Frost tensed. He put a hand under his open jacket, on the grip of the pistol in his shoulder rig, but then withdrew his hand without the weapon. Going for a gun was a reflex action. An agent’s reflexes were usually reliable, the result of experience, but in this case reflexive responses would get him killed.
The living pool, whether its life was that of an animal or an intelligent machine, or both, or neither, slopped against the bottom step, lapped at the front door and the walls. The patterns of the currents within it were for the most part as liquid and sinuous as before — but here and there the currents twitched, stuttered briefly, before spiraling smoothly once more.
Suddenly a woman’s hand rose out of the pool, a hand in various shades of gray with veins of black, as if carved from stone and yet animated, clutching at the air in search of something to which it could secure itself. After a moment, other hands reached through the surface of the pool, or rather formed from the substance of it. A second female hand, slender and beautifully shaped, had skin like brass, like the shiny brass of the fallen chandelier that had been incorporated into the swarm. A man’s hand, then a second, one with skin the color of the glazed vases that had stood upon the foyer table, the other with normal flesh.
All the hands receded, melted into the pool, but then the gray surface glistened like water,
and an immense face appeared in it, as if just below the surface, perhaps five feet from the point of the chin to the top of the brow. This countenance was at first as blank as that of a stone-temple god, with pale limestone eyes.

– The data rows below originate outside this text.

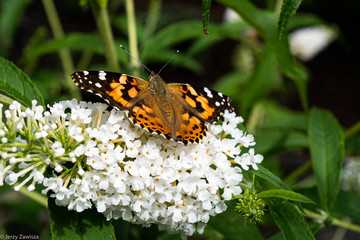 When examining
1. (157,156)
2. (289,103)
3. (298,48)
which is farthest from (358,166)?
(289,103)

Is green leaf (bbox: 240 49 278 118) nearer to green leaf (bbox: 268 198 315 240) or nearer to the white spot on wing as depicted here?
the white spot on wing

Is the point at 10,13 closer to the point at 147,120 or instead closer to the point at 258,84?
the point at 258,84

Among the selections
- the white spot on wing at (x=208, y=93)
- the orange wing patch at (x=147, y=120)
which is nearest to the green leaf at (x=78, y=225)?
the orange wing patch at (x=147, y=120)

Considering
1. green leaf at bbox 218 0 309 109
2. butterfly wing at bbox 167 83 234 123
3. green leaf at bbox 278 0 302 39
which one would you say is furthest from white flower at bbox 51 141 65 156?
green leaf at bbox 218 0 309 109

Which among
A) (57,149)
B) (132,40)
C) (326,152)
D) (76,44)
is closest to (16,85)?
(57,149)

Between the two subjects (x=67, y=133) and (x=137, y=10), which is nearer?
(x=67, y=133)

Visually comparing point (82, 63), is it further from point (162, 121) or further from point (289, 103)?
point (289, 103)

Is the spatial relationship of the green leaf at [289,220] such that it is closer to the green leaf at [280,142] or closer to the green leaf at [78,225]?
the green leaf at [78,225] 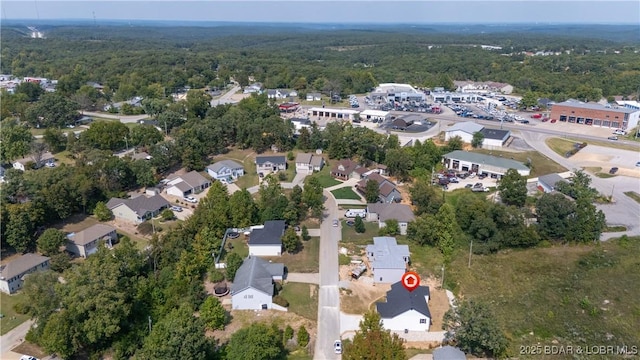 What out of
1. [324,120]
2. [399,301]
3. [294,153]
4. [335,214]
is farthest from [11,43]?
[399,301]

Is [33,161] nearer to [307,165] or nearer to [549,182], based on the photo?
[307,165]

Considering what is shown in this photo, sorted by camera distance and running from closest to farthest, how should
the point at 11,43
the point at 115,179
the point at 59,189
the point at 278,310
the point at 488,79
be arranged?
the point at 278,310
the point at 59,189
the point at 115,179
the point at 488,79
the point at 11,43

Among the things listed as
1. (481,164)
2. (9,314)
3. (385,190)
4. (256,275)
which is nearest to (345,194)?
(385,190)

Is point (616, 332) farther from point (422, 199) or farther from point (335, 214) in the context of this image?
point (335, 214)

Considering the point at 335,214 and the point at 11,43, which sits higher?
the point at 11,43

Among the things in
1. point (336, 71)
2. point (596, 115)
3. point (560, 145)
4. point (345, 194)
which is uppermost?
point (336, 71)

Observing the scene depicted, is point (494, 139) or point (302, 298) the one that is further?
point (494, 139)

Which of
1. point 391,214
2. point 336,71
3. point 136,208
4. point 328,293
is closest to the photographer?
point 328,293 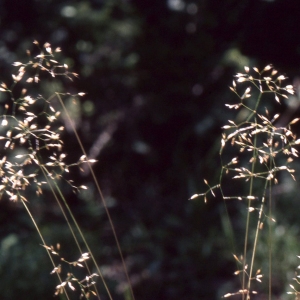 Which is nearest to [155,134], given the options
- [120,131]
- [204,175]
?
[120,131]

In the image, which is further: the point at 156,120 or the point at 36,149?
the point at 156,120

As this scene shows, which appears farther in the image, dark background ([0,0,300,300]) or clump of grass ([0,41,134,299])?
dark background ([0,0,300,300])

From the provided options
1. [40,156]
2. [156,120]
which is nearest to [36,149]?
[40,156]

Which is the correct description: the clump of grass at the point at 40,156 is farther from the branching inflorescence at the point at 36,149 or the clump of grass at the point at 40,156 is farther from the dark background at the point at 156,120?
the dark background at the point at 156,120

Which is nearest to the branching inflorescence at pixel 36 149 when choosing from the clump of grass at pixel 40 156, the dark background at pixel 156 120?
the clump of grass at pixel 40 156

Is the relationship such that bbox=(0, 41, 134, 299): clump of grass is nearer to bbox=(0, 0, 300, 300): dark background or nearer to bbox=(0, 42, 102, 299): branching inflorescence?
bbox=(0, 42, 102, 299): branching inflorescence

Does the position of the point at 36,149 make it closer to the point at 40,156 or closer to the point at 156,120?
the point at 40,156

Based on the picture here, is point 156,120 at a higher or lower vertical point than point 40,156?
lower

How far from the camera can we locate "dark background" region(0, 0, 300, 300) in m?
3.34

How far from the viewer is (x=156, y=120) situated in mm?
3902

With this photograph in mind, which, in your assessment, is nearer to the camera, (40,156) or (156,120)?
(40,156)

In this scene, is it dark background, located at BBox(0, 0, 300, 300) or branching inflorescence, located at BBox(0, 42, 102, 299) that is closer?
branching inflorescence, located at BBox(0, 42, 102, 299)

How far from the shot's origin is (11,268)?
312 cm

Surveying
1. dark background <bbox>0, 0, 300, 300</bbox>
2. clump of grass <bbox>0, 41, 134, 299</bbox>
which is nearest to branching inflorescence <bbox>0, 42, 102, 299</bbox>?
clump of grass <bbox>0, 41, 134, 299</bbox> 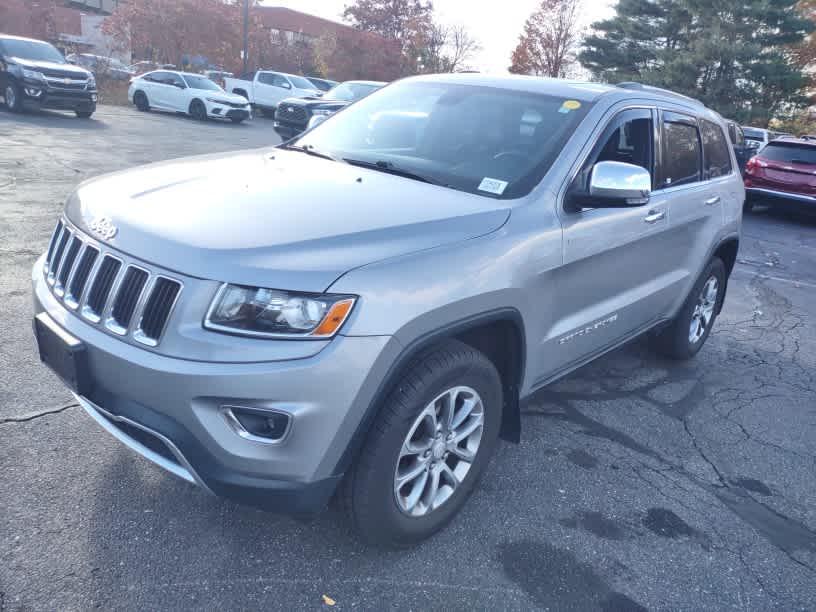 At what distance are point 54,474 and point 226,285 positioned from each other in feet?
4.84

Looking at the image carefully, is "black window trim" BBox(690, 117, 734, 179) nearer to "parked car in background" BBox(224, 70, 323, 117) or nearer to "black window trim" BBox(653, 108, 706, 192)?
"black window trim" BBox(653, 108, 706, 192)

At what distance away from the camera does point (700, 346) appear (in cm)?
519

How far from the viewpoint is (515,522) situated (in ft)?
9.87

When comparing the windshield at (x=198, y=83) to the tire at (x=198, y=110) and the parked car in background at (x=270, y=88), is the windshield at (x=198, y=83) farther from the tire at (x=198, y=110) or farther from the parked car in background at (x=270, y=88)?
the parked car in background at (x=270, y=88)

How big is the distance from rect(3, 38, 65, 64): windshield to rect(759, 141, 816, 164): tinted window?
15.8 metres

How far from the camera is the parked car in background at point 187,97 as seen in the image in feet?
70.0

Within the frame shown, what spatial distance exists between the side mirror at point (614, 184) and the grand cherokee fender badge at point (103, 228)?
1.98m

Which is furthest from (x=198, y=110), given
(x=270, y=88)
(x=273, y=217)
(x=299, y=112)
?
(x=273, y=217)

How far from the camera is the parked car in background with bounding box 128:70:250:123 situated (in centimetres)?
2133

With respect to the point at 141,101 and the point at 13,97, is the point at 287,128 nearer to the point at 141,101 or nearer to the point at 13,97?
the point at 13,97

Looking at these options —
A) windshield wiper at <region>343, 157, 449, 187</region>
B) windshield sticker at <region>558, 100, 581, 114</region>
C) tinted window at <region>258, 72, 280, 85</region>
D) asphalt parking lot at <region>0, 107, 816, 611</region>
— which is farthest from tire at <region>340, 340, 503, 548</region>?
tinted window at <region>258, 72, 280, 85</region>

But then it swelled from the surface, taking dimension and acquiring the color of skin, and Frost saw that it was becoming Dagget’s face. The eyes opened, but they weren’t eyes, were instead ovals of what seemed to be amber glass like the cups that contained the flame-shaped bulbs on the chandelier.
Frost waited for the glass eyes to shift toward him, but they did not. The Dagget face dissolved to be at once replaced by another immense countenance, that of the beautiful woman who had emerged from the cocoon in the bathroom. Her eyes looked real but had a fixed gaze like that of a blind person. The enormous face formed more completely than Dagget’s had done, and the woman seemed to be struggling against invisible bonds, trying to free herself from the pool. Her mouth went wide, as if in a scream, but no sound escaped her.
Frost remembered what she had said upstairs, after the teeth had fallen out of her mouth and she had grown new ones, as she gazed at herself in the mirror above the bathroom sinks: I think my builder built this builder wrong. As he watched the huge face strain to scream and form further out of the pool, he began to suspect that everything this creature had done since taking down the chandelier had been evidence of malfunction.